Assignment: Your task is to give the listing below back word for word, pictures excluded.

Provided material:
⟨
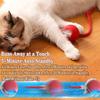 Cat Interactive Electric Toy Automatic Rolling Ball with Faux Tail - Rechargeable Smart Pet Training Toy for Dog & Cat to Imitat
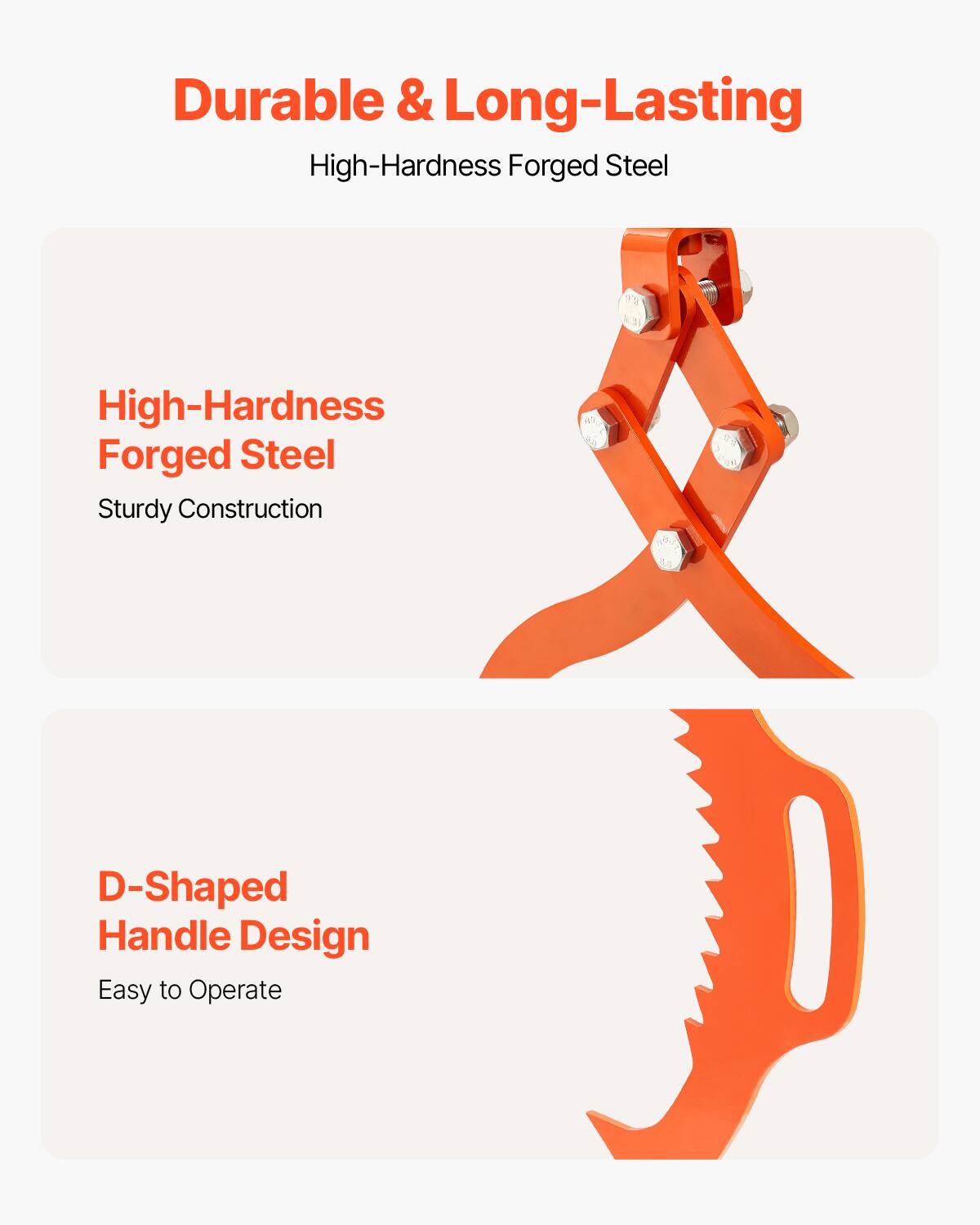 Durable & Long-Lasting  
High-Hardness Forged Steel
⟩
Answer area:
 Cat Interactive Electric Toy Automatic Rolling Ball with Faux Tail - Rechargeable Smart Pet Training Toy for Dog & Cat to Imitat
 Durable & Long-Lasting  
High-Hardness Forged Steel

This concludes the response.